The gender of each noun normally follows certain patterns. For instance will all nouns ending in -nad be masculine, like the word jobbsøknad (job application). Almost all nouns ending in -ing will be feminine, like the word forventning (expectation). The -ing nouns also get an irregular inflection pattern, with -ar and -ane in the plural indefinite and plural definite (just like the masculine) but inflected like a feminine noun in every other way. There are a few other common nouns that have an irregular inflection too, like mann which means man and is a masculine word, but for plural it gets an umlaut (just like English): menn (men) and it gets a plural definite that follows the inflection pattern of a feminine word: mennene (the men). The word son which means son is another word that is inflected just like a masculine word except for the plural, where it is inflected like a feminine noun with an umlaut: søner (sons), sønene (the sons).

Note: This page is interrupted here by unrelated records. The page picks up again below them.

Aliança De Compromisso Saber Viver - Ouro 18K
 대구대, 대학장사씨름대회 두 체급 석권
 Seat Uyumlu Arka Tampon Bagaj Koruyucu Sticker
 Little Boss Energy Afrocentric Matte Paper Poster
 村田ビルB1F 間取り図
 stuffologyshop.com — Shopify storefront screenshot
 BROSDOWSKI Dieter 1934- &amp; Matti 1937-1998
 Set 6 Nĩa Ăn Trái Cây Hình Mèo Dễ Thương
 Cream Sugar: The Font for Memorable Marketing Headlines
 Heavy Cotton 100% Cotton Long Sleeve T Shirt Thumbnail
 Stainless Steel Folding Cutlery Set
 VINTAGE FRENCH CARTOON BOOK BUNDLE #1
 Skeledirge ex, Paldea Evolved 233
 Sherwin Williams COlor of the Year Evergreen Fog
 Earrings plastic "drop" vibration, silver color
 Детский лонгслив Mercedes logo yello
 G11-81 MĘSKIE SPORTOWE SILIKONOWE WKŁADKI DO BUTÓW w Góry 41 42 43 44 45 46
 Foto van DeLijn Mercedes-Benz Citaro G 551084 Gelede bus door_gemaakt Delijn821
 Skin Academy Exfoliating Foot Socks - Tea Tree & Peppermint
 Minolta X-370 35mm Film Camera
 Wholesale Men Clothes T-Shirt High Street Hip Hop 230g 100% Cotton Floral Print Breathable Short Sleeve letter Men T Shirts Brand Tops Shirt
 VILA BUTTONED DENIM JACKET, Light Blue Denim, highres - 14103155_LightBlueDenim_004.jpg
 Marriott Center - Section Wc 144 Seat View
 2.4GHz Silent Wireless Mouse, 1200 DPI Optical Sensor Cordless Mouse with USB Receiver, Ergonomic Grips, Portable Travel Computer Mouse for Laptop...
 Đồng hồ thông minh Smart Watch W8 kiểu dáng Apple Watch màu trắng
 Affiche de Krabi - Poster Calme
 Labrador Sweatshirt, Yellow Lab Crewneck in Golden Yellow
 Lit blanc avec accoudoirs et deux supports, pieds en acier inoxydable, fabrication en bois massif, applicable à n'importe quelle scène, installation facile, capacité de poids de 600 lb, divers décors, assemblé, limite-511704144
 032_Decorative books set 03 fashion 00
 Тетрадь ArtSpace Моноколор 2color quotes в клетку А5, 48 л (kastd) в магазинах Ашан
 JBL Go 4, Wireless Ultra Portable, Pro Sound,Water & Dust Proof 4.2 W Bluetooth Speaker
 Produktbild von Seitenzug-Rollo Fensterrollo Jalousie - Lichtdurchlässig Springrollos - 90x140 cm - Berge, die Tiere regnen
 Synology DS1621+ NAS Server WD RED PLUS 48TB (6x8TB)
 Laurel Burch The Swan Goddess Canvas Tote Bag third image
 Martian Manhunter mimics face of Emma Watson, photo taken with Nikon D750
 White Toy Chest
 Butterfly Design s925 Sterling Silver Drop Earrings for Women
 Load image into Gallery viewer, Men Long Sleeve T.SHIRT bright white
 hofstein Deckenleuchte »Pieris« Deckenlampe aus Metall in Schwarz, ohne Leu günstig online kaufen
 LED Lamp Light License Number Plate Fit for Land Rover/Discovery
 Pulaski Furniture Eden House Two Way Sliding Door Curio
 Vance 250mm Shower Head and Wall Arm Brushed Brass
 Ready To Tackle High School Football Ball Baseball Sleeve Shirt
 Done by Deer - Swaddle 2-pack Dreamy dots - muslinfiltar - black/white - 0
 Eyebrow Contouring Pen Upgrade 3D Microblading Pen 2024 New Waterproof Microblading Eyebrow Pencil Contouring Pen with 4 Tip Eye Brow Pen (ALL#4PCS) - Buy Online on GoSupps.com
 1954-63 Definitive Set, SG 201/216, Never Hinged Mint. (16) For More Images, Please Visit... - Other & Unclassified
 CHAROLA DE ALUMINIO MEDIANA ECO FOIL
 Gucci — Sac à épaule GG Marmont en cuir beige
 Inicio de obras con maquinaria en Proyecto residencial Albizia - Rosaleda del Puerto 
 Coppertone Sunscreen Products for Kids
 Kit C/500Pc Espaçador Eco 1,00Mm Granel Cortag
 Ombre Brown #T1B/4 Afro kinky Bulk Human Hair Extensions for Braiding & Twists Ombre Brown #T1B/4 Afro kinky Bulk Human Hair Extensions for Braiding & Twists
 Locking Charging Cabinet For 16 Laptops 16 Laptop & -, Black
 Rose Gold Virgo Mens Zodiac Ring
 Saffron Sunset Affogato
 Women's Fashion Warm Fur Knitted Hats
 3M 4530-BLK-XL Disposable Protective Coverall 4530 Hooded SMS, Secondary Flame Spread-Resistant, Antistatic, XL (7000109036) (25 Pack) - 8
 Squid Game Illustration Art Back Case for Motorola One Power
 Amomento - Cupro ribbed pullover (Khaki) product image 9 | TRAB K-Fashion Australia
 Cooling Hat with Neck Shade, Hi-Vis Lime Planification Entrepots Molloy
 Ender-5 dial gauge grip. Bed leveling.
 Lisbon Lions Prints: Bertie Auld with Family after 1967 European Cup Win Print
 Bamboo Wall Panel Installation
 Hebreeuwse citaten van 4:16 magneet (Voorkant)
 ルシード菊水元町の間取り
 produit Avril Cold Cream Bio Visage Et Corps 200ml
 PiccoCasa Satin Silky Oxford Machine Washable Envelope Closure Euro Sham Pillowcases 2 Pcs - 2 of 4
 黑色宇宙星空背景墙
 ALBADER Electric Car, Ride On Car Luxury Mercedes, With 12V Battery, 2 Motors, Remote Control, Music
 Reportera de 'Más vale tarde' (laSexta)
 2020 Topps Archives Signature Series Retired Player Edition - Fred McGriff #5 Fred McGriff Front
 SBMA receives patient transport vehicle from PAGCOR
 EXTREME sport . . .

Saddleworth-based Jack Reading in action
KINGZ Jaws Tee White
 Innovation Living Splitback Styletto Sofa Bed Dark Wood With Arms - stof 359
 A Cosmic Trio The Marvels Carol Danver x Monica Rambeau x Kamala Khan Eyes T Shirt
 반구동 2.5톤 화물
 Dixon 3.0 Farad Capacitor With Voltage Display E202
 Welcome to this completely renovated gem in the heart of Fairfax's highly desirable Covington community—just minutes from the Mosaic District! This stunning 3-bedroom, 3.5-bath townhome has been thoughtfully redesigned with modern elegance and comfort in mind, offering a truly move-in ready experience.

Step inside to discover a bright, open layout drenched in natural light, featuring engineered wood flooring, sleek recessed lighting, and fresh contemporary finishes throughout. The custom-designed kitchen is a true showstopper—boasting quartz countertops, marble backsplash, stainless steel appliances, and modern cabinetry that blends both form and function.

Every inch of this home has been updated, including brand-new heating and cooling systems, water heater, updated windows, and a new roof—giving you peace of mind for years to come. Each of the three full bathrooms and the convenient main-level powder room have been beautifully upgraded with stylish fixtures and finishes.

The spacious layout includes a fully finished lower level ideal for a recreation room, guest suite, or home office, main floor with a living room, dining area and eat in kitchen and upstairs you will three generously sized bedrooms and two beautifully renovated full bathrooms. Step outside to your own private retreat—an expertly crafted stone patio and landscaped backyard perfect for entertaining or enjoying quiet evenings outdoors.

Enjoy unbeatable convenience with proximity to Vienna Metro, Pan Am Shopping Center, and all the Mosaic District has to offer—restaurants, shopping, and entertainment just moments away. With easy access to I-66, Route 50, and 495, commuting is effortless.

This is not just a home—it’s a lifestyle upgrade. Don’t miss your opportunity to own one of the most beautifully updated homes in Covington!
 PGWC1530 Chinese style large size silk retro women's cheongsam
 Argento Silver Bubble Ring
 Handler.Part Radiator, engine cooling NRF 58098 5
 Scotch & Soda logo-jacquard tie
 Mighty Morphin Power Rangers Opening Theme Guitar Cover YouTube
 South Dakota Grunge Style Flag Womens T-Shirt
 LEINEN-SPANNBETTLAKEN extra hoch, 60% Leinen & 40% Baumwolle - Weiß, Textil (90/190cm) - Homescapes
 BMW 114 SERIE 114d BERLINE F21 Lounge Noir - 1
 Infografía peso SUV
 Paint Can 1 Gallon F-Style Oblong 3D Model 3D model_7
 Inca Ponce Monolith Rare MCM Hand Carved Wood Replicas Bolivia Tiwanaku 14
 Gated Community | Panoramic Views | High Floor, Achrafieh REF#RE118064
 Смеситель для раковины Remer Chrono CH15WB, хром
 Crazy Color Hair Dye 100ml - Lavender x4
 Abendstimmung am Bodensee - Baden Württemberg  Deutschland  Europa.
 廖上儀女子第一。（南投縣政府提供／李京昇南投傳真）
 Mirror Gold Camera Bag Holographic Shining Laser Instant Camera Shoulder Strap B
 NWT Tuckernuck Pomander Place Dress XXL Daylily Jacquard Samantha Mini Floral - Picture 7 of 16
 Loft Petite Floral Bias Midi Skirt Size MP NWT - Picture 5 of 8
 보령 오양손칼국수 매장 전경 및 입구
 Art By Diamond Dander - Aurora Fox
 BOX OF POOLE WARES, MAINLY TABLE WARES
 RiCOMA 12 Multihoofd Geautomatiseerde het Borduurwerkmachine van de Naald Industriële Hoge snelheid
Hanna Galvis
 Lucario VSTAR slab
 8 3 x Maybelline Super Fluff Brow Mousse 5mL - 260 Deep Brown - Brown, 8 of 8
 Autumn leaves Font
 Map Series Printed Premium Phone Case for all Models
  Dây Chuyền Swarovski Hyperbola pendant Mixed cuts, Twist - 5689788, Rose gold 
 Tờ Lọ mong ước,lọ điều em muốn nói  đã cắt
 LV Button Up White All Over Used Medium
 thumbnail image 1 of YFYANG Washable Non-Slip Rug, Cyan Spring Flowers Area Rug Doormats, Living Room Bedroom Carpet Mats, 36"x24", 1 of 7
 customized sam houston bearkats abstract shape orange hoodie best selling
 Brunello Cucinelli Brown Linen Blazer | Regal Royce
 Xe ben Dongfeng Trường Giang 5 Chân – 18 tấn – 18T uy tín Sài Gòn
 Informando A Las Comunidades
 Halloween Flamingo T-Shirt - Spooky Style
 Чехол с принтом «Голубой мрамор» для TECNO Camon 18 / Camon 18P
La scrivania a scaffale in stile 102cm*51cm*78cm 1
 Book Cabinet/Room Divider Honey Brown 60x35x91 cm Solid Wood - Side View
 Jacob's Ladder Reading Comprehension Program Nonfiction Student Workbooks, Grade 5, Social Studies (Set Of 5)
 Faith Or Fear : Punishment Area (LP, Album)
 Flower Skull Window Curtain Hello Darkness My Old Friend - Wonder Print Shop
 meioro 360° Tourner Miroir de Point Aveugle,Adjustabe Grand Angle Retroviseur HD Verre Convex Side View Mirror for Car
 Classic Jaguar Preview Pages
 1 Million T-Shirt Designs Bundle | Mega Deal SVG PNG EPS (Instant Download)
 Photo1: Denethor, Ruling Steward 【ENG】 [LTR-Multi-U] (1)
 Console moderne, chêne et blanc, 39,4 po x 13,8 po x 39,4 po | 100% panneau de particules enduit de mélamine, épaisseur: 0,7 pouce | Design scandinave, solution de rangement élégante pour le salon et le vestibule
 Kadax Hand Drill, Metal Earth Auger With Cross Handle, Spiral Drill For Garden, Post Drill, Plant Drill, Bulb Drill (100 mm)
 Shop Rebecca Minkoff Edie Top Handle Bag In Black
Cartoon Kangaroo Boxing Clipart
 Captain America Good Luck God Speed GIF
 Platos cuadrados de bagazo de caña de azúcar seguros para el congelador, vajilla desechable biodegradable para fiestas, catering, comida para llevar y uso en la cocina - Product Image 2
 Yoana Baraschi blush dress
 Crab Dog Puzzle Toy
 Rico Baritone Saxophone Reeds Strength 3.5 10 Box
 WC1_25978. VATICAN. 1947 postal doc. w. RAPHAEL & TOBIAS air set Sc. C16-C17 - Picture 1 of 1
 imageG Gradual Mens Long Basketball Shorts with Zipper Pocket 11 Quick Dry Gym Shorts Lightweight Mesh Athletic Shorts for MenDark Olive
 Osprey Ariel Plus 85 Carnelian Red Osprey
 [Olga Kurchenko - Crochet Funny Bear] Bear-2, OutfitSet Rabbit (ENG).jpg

Here is a short list of irregular nouns, many of which are irregular in Bokmål too and some of which even follow the same irregular inflection as in Bokmål (like the word in the first row: ting):

A few common irregular nouns
| Singular |  | Plural |  |
|---|---|---|---|
| Indefinite | Definite | Indefinite | Definite |
| ein ting (a thing) | tingen (the thing) | ting (things) | tinga (the things) |
| ein far (a dad) | faren (the dad) | fedrar (dads) | fedrane (the dads) |
| ein bror (a brother) | broren (the brother) | brør (brothers) | brørne (the brothers) |
| eit museum (a museum) | museet (the museum) | museum (museums) | musea (the museums) |

==== Genitive of nouns ====

Expressing ownership of a noun (like "the girl's car") is very similar to how it is in Bokmål, but the use of the reflexive possessive pronouns sin, si, sitt, sine are more extensive than in Bokmål due to the preservation of historical grammatical case expressions.

=== Compound words ===

Compound words are constructed in exactly the same way as Bokmål.

===Inflection===
A grammatical gender is not characterized by noun inflection alone; each gender can have further inflectional forms. That is, gender can determine the inflection of other parts of speech which agree grammatically with a noun. This concerns determiners, adjectives and past participles.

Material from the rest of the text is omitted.